Need help understanding y-axis values after sum(application) group by, and how to create an alert on no events in last X hours

  • What Grafana version and what operating system are you using?

Grafana v8.0.3

  • What are you trying to achieve? What happened? What did you expect to happen?

We have a cron job that runs every 2 hours, creating a CronSucceeded event at the end of each run. We would like to be alerted when there has been no CronSucceeded event in the past 3 hours.

  • How are you trying to achieve it?

Since the event is a counter, we expect to see increasing steps, which we do:

They “reset” every once in a while because a new host takes over.

Now, I don’t really care which host is performing the job. So I add an aggregator—sum(application) group by.

Okay, they’re now a combined series. But why did the y-axis scale explode? That’s not my actual question, but I’m bringing it up in case it hints at a relevant problem.

So I decided to abandon that wonkiness and do a delta() for each instead:

(I cannot embed more than 2 images as a new user.)

Screen Shot 2022-01-02 at 06.20.14|626x500

Wonderful, a y-value of 1 every 2 hours is what I expect to see. But okay, now can I do the sum without the y-scale blowing up? Apparently yes.

Screen Shot 2022-01-02 at 06.22.16|626x500

Now, my actual question. I want to set up an alert that looks for an event (y=1) in the past 3 hours, i.e. query(A, 3h, now).

(I cannot embed more than 2 links as a new user.)

upload://awGy3IyfZPyW7hF6lxisEzlHFSe.jpeg (See reply below.)

But this alert has been going off seemingly randomly. (Of course it’s not random, but I don’t understand.) If I zoom into one of the alerted situations…

upload://yqRH4ufh8Ba5SiN3EoSAnKs0nJ9.jpeg (See reply below.)

…I can guess that the last() value after each of those peaks might indeed be 0, not 1. So I probably have to do this another way. (Another side question: Why is last() my only option for WHEN?)

How do I set up the alert I want? To repeat: Alert when there has been no CronSucceeded event in the past 3 hours.

If someone could shed some light on that as well as my intermediate questions, I’d be indebted. Thank you in advance.

  • Can you copy/paste the configuration(s) that you are having problems with?

N/A

  • Did you receive any errors in the Grafana UI or in related logs? If so, please tell us exactly what they were.

I don’t believe so.

  • Did you follow any online instructions? If so, what is the URL?

Nope.

1 Like

Here are the last 2 unlinked images:

Hello and welcome to the Grafana forum.

First of all, you wrote an excellent description of your problem, so someone should be able to help.

Just to keep things inching along, does any message appear when you click on the red triangles?
image

Hi, thanks for the welcome! Yes, on mouseover, I see the following:

OK, let’s try throwing some stuff at the wall and see if anything sticks…
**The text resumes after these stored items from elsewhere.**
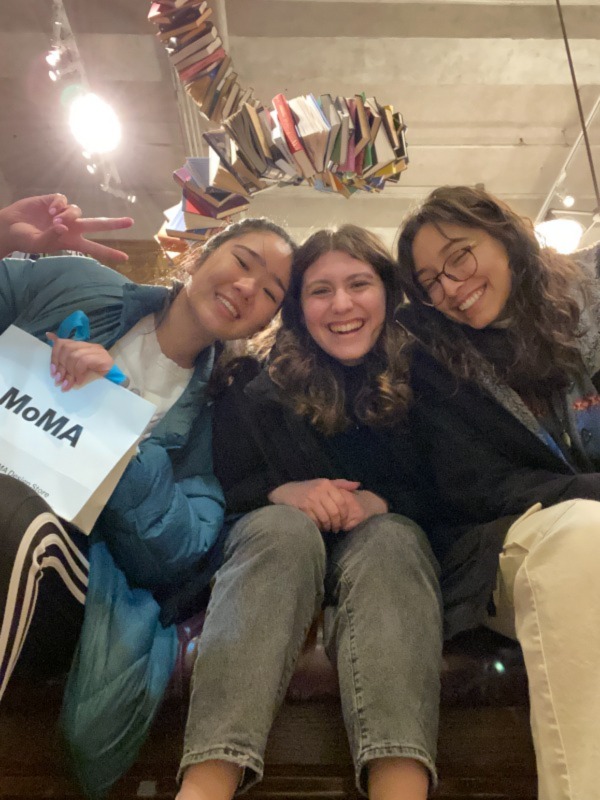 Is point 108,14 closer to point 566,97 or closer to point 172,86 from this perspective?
point 172,86

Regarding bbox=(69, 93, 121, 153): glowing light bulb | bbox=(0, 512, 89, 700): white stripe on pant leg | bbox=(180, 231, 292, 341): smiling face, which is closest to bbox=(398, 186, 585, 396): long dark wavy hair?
bbox=(180, 231, 292, 341): smiling face

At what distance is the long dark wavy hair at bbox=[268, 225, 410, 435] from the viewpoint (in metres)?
1.04

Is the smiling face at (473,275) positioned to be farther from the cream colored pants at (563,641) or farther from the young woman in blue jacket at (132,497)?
the cream colored pants at (563,641)

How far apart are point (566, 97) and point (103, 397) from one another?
8.97 feet

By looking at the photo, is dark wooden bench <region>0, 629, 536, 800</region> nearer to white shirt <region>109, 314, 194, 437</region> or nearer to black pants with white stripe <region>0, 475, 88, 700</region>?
black pants with white stripe <region>0, 475, 88, 700</region>

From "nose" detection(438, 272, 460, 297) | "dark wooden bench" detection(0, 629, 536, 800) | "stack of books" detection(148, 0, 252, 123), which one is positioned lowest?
"dark wooden bench" detection(0, 629, 536, 800)

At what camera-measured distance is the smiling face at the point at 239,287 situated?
108 cm

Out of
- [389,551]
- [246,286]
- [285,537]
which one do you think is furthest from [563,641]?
[246,286]

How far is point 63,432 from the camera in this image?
2.56ft

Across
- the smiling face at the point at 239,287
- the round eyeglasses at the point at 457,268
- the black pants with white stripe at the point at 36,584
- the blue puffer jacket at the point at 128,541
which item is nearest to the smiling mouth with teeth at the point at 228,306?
the smiling face at the point at 239,287

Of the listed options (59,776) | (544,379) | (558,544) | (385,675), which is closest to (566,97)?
(544,379)

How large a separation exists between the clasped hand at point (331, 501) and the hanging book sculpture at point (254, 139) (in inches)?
30.9

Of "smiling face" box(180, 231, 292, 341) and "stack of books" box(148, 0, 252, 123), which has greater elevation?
"stack of books" box(148, 0, 252, 123)

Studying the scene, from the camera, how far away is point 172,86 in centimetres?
247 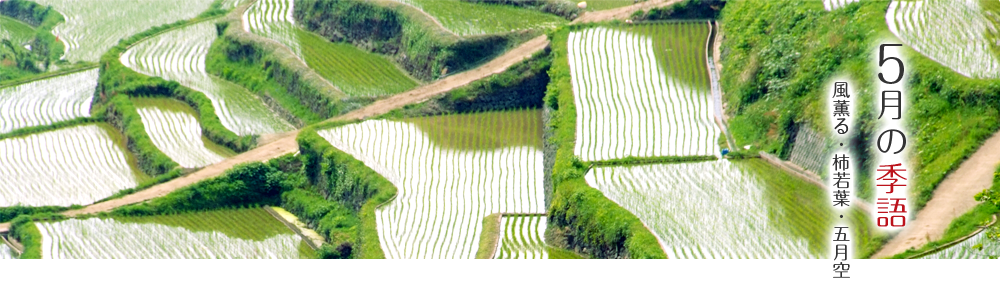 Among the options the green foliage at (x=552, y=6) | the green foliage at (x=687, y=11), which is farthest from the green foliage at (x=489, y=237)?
the green foliage at (x=552, y=6)

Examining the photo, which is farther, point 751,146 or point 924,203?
point 751,146

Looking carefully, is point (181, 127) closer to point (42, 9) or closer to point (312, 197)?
point (312, 197)

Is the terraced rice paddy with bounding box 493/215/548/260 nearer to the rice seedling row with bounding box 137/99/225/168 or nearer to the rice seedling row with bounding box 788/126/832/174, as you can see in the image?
the rice seedling row with bounding box 788/126/832/174

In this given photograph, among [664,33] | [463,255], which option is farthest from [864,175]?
[664,33]

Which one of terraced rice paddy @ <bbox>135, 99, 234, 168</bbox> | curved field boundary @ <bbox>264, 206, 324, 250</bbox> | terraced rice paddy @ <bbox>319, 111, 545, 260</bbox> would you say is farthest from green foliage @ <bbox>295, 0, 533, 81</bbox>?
curved field boundary @ <bbox>264, 206, 324, 250</bbox>

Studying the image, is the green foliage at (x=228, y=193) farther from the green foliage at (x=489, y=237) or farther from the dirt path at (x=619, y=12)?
the dirt path at (x=619, y=12)

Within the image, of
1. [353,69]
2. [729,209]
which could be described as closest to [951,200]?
[729,209]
I noticed no Transform tab in your screenshots. If you change the visualization from Graph (old) to Time Series, do you see anything like this?

Try changing to Time Series and then see how your query or alert is affected (if at all), and if the Transform tab appears.

No Transform tab and looks the same to me, including re-creating an alert.

Is this the datasource you are using? Acc. to the Github page, this plugin is compatible with Grafana versions 6.0 → 6.5.2

My rationale was to try to do the aggregation in the Transform and see if that helped explain the results you were seeing…

…because perhaps this query A (with the Delta & Sum functions)

…was packing too much and the alert was picking up false positives.

My gut feeling here is that Grafana’s alerts are fine tuned for certain datasources (like InfluxDB), but not all datasources. Heroic datasource might be one that causes the alert to show a false positive due to some minor line of code.

Hi, sorry I never followed up!

Yes, that Heroic is the datasource we’re using—but you’re looking at a public repo that we eventually stopped open-sourcing, while development has continued internally and does support Grafana 8. But this sent me down a useful path:

Digging into our docs on Heroic and Grafana integration, I came across a bit about how we’re using a variable $resolution (which has a list of supported intervals) from which a “good” interval is automatically picked by Grafana depending on the zoom-level. I looked at what this “Interval” is set to—for example from one of the previous screenshots:

image

And also saw in our docs:

The resolution controls the size of the bucket and applies the first aggregation to rollup the data. A low resolution ensures values will not impacted by the rollup. Usually a value of 1m is sufficient.

I fixed that resolution to 30s, and the y-axis stopped being strange.

Separately, I found how to get the alerts I wanted. The key was to fix the aggregation resolution to 3 hours. Since the cron job should succeed at least once every 3 hours (if not twice), there is no longer an empty “bucket” of 3 hours. I can simply check that the last() value isn’t below 1. This diagram by my company really helped me understand:

Anyway, thank you for the support! Looking forward to chatting again.

1 Like

@acheong87 Thanks for the summary recap.